Ce week-end avait lieu les finales de conférences (Est et Ouest) de la Major League Soccer, le championnat nord-américain de football (soccer) les deux vainqueurs s’affrontant dimanche pour le trophée de champion de la ligue, la MLS Cup. A l’issue de la saison, ce sont les Los Angeles Galaxy (Ouest) et les New England Revolution (Est) qui se retrouveront en finale, dans une rencontre qui se jouera au StubHub Center à Los Angeles.

Les Los Angeles Galaxy et les New England s'affronteront samedi 7 décembre à 21 h (heure française)

Les Los Angeles Galaxy et les New England s’affronteront dimanche 7 décembre à 21 h (heure française)

Une finale puisque le système de la MLS reprend l’organisation des sports américains avec une phase de saison régulière où l’ensemble des équipes se rencontrent et sont classés entre deux conférences (Est et Ouest). Les trois premiers de chaque conférence sont qualifiés pour les demi finales, le quatrième et le cinquième s’affrontent pour se qualifier pour les demi-finales.

Henry, les stars européennes et le « salary gap » (fossé salarial)

En France, l’attention était focalisée sur la présence de Thierry Henry chez les New York Red Bulls. L’ancien international joue depuis cinq ans en MLS, et constitue l’une des attractions de la Ligue. Certains médias hexagonaux annonçaient déjà le triomphe du Français, un dernier trophée pour une fin de carrière en apothéose.

Pourtant les New York Red Bulls, l’équipe de Thierry Henry et de Peguy Luyindula, ont été défaits par les New England Revolution en finale de la conférence Est. Une défaite qui constitue la fin de l’expérience américaine pour Thierry Henry dont le contrat arrive à expiration.

Cette défaite de l’équipe new-yorkaise est peut-être une bonne nouvelle pour la MLS. Les Red Bulls sont une équipe de vétérans, de joueurs recrutés en Europe, comme Henry, Luyindula, Bradley Wright-Phillips ou l’international australien Tim Cahill. Cette présence d’anciennes gloires du football européen fait des New York Red Bulls l’une des équipes à la plus grosse masse salariale de la MLS, Henry et Cahill représentant à eux deux 71% des sommes versés aux joueurs de l’équipe.

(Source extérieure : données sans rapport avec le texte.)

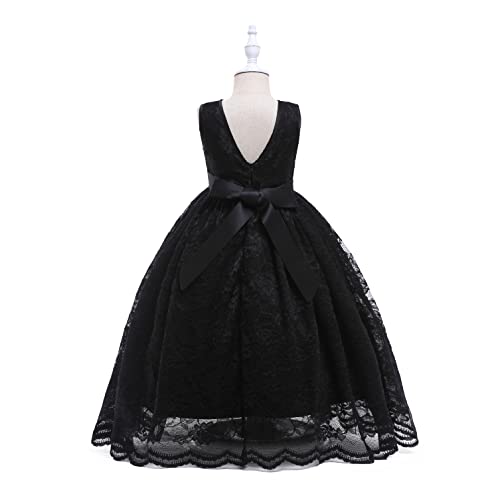 Glamulice Full Lace Flower Girls Dress Long A Line Bridesmaid Wedding Tulle Dresses Birthday Formal Party Ball Gown3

Tim Cahill (gauche) et Thierry Henry, les deux designated players des New York Red Bulls

Tim Cahill (gauche) et Thierry Henry, les deux designated players des New York Red Bulls

Ces deux joueurs bénéficient de la règle du Designated Player (joueur désigné), ou « règle Beckham ». Cette règle inaugurée avec l’arrivée de David Beckham au Los Angeles Galaxy en 2007 permet de rémunérer un joueur au dessus du salary cap (limite salariale) qui est fixé en 2014 à 3,1 millions de dollars pour l’ensemble de l’effectif, et 387.500 dollars par joueur. Chaque équipe a le droit de disposer jusqu’à trois Designated Players. En 2014 par exemple, Michael Bradley (international américain) et Jermain Defoe (arrivé de Tottenham) ont été recrutés par Toronto, avec un salaire annuel de plus de 6 millions de dollars chacun.

Cette règle crée un championnat avec d’importantes inégalités salariales puisque six joueurs concentrent à eux seuls 28,5 % de la masse salariale totale de la MLS. A l’inverse, une cinquantaine de joueurs (sur 568) touche le « salaire minimum » de la Ligue fixé à 36.500 dollars par an.

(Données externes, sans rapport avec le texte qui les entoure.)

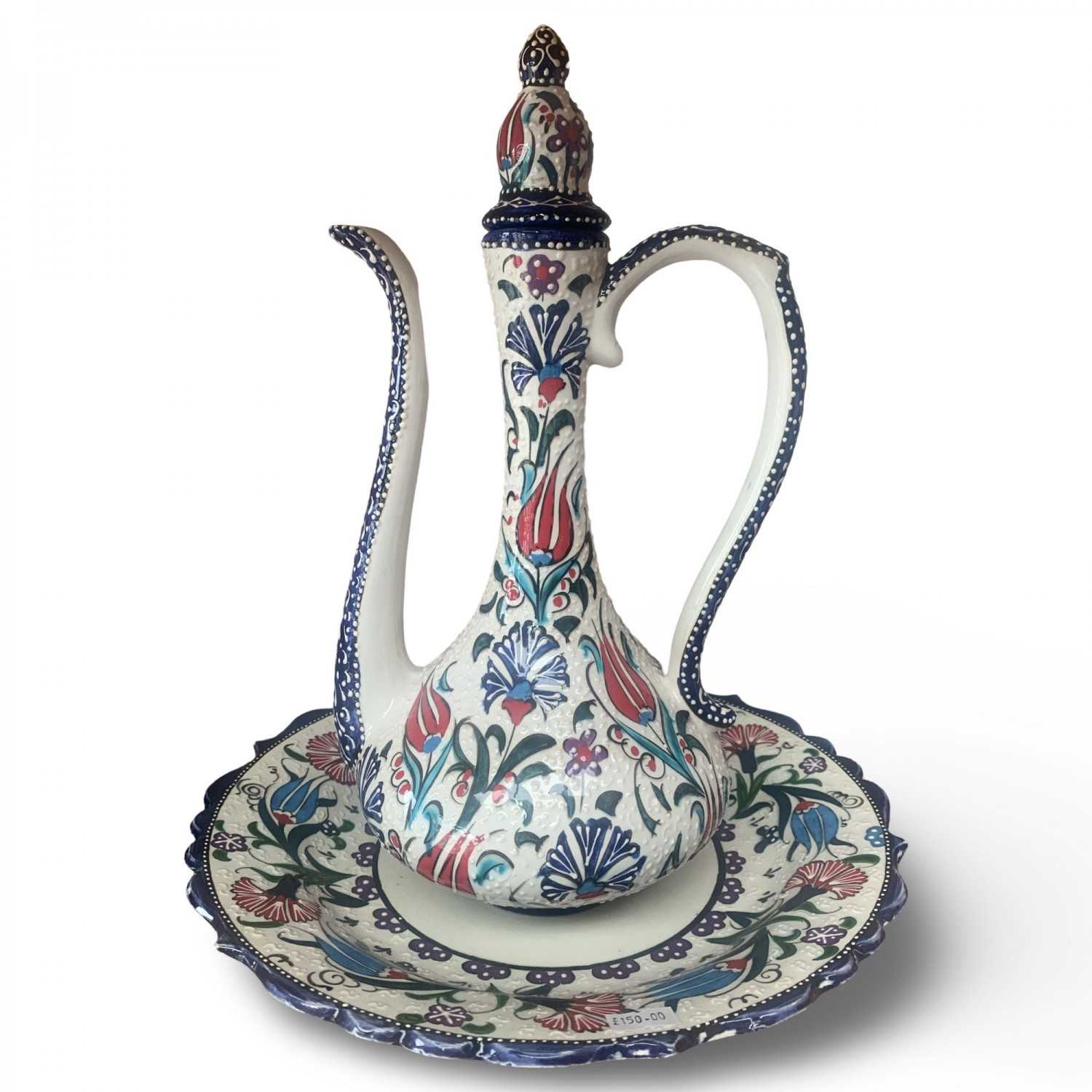 REGAL Handmade Turkish Ceramic Pitcher Vase - Blue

En face, l ‘équipe qui a battu les Red Bulls était en début de saison l’une des équipes les plus modestes de la MLS (3,4 millions de dollars contre 11,2 millions pour les Red Bulls). Mais la franchise basée à Boston a enregistré l’arrivée cet été de Jermaine Jones, l’international américain transféré depuis le Besiktas Istanbul et qui lui aussi bénéficie de la règle du Designated Player, avec un salaire de 3,5 millions de dollars annuels ce qui a doublé la masse salariale du club. Jermaine Jones auteur du but de la victoire (2-1), lors du match aller à New York, face aux Red Bulls.

Jermaine Jones - New England Revolution

Jermaine Jones des New England Revolution, le joueur germano-américain a fait toute sa carrière en Europe avant de rejoindre la MLS à l’été 2014.

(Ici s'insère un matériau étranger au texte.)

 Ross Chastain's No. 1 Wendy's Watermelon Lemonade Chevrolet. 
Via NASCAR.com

Pour le reste, l’équipe est composée de joueurs pour la plupart inconnus de notre côté de l’Atlantique même si ils sont quelques uns à avoir tenté leur chance en Europe. Charlie Davies, double buteur lors du match retour à Boston (match nul 2-2), a passé quelques mois en France à Sochaux, inscrivant même deux buts pour le club français. Lee Nguyen, Teal Bunbury, deux des meilleurs joueurs de New England sont eux aussi des exemples de joueurs qui après avoir tenté leur chance en Europe ont trouvé leur place en MLS et prétendent aujourd’hui au titre de champions.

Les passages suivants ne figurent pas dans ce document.